Tiga tersangka lain kasus simulator SIM juga berstatus tahanan Dittipikor Polri. Mereka adalah Brigjen Pol Didik Purnomo, AKBP Teddy Rusmawan, dan Kompol Legimo. Mereka bertiga ditahan di Rutan Brimob Kelapa Dua. Lagi-lagi muncul pertanyaan, apakah memang di Indonesia ini tak ada lagi kasus korupsi yang bisa disingkap Polri. Kasus dugaan korupsi pengadaan peralatan simulator SIM yang melibatkan mantan pejabat korlantas pun buru-buru dilidik setelah KPK masuk. 

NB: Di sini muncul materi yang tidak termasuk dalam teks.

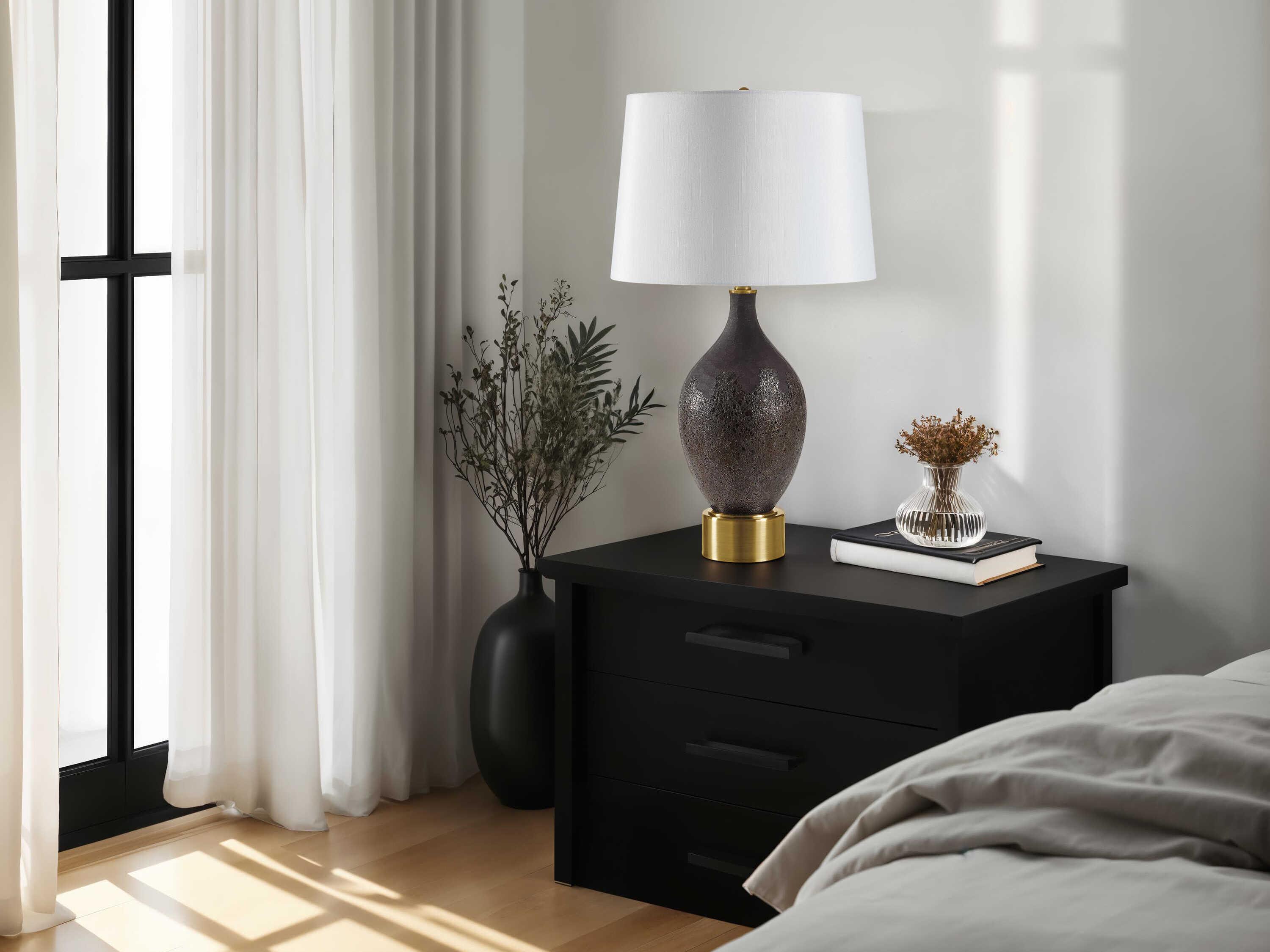 Renwil Weldon Brown Warm Brass Buffet Lamp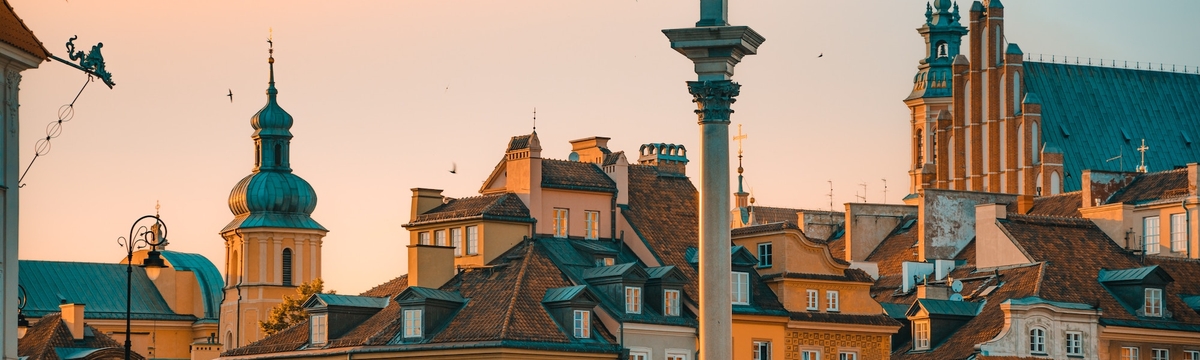Roofs in Warsaw old town.
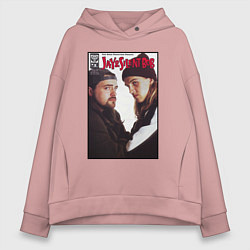 Толстовка оверсайз женская Jay and Silent Bob, цвет: пыльно-розовый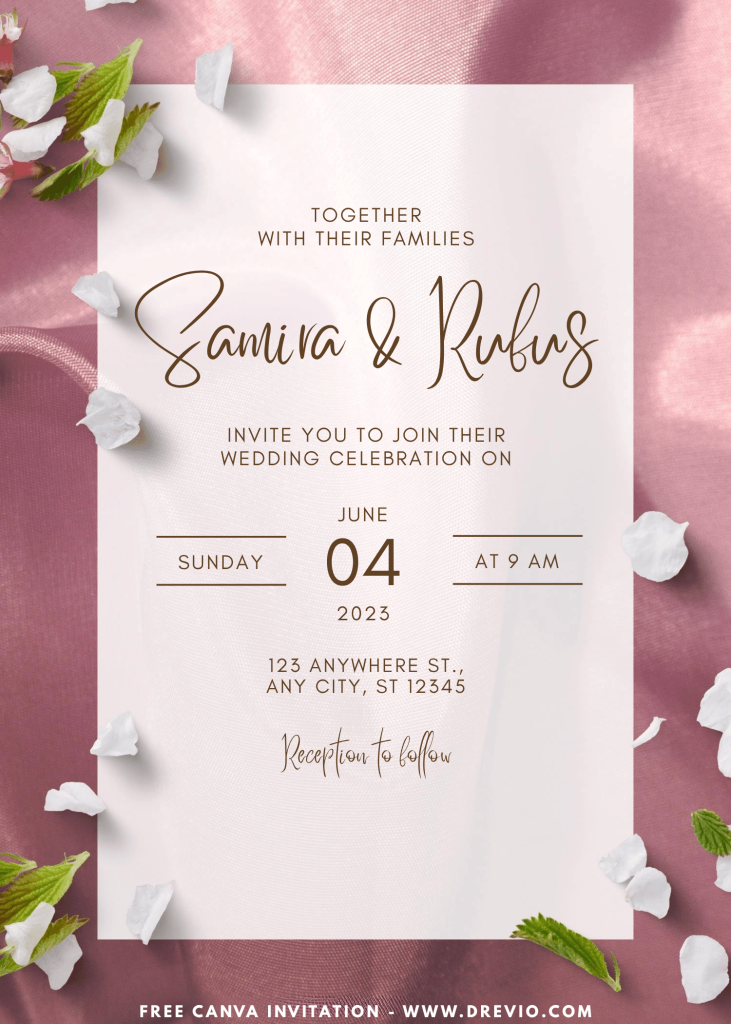 free-sakura petals-wedding-invitation-template-canva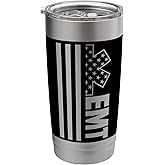 EMT American Flag USA Patriotic EMS Week AEMT Paramedic Mug Stainless Steel Insulated Tumbler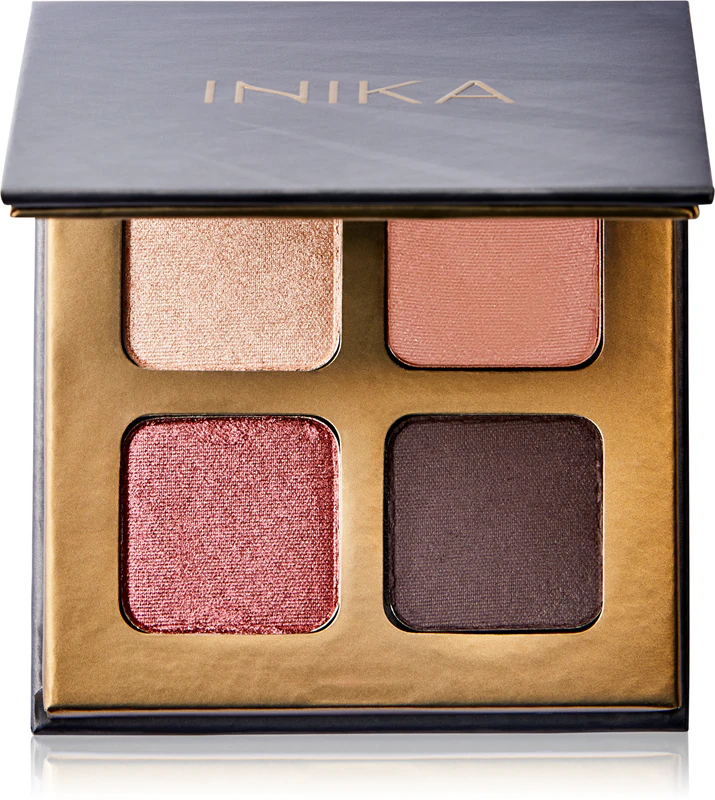 INIKA Organic Eyeshadow Palette Paleta očních stínů s květinami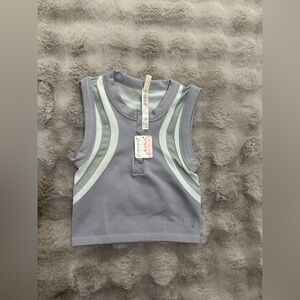 NWT Free People Movement Free Kick Crop Henley Top XS/S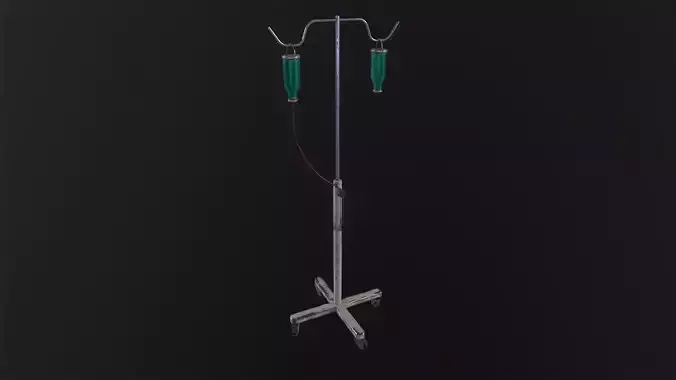 Drip Stand 3D Model Low-poly 3D model Drip Stand 3D Model Low-poly 3D model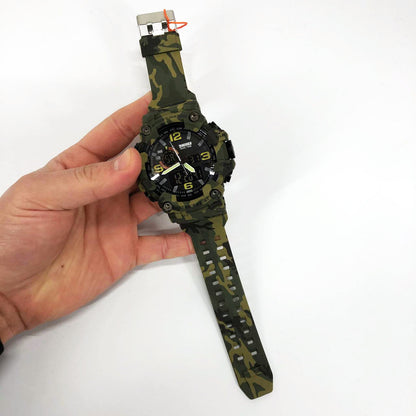 Часы наручные мужские SKMEI 1520CMGN CAMO GREEN, часы военные мужские, для военнослужащих. Цвет: камуфляж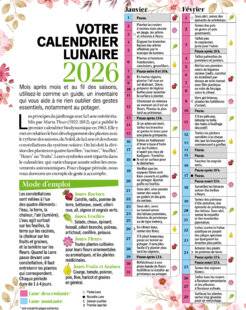 Pleine Vie 476 VOTRE CALENDRIER LUNAIRE 2026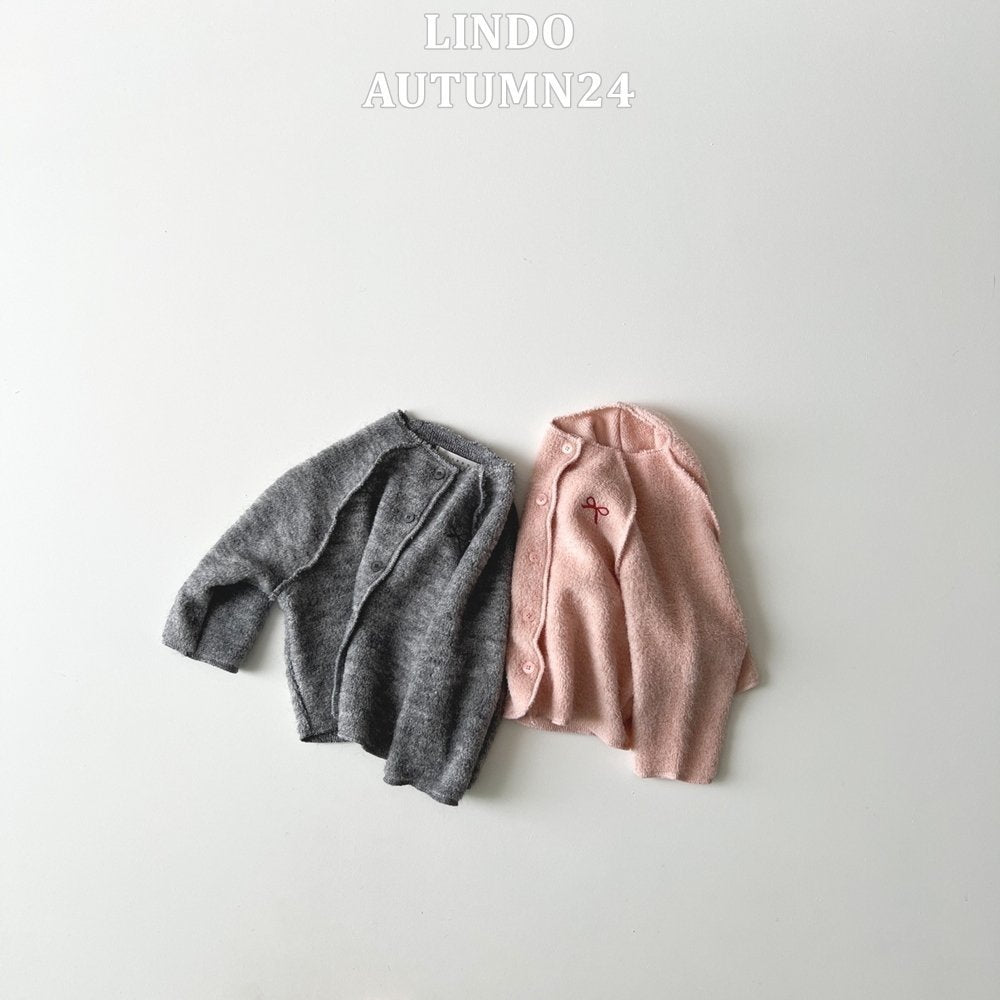 Mini Ribbon Cardigan [Pink/M(3-4yr)]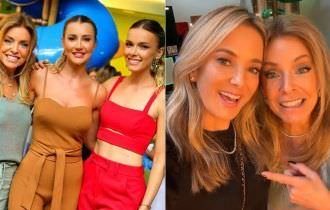 Ticiane Pinheiro e Ana Paula Siebert curtem festa com a primeira mulher de Roberto Justus
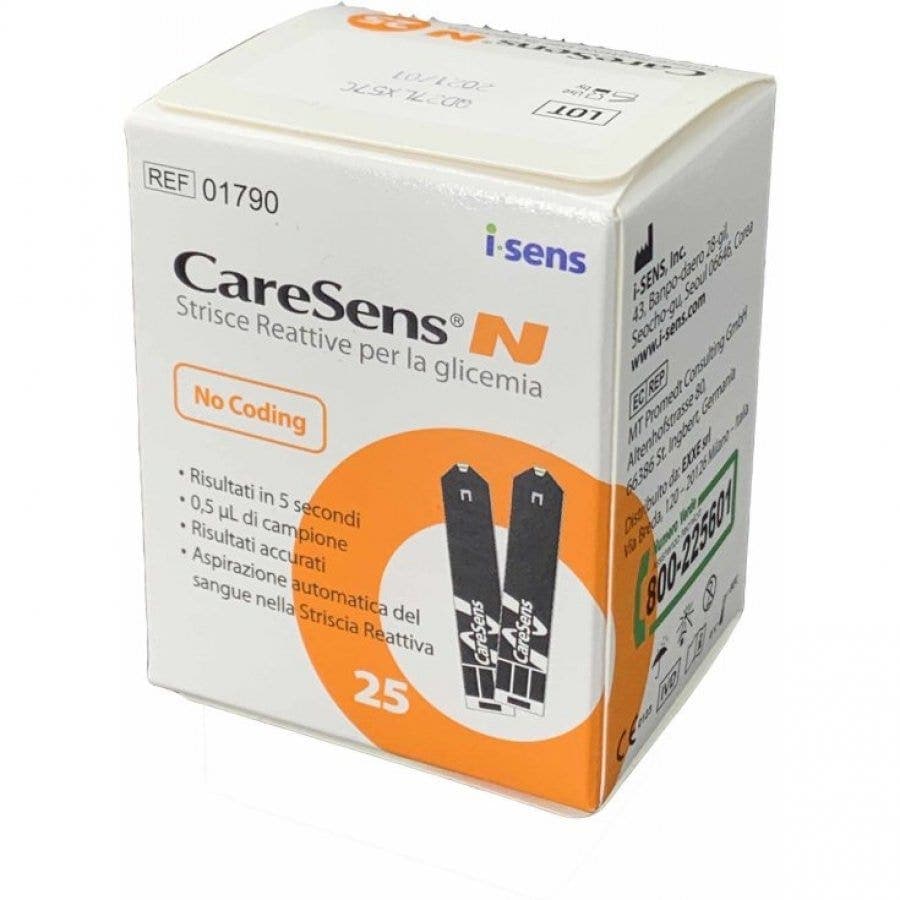 Caresens N Glicemia – 25 tiras reactivas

Apakah persoalannya ketidakmampuan, atau ketidakmauan? Tampaknya karena ketidakmauan. Buktinya, prestasi penyidik Polri di KPK berkilau meskipun mereka ''satu guru satu ilmu'' dengan penyidik Polri di Mabes Polri. Saya banyak kenal penyidik Polri yang saat ini ditugaskan di KPK. Integritas dan moralitas mereka lebih baik daripada ketika mereka berdinas di kantor polisi. 

Ayo, Pak Timur, mumpung masih ada waktu sebelum sampeyan pensiun pada Januari 2014. Jangan sampai publik memberikan penilaian ternyata presiden kali ini salah memilih Kapolri. Terima kasih.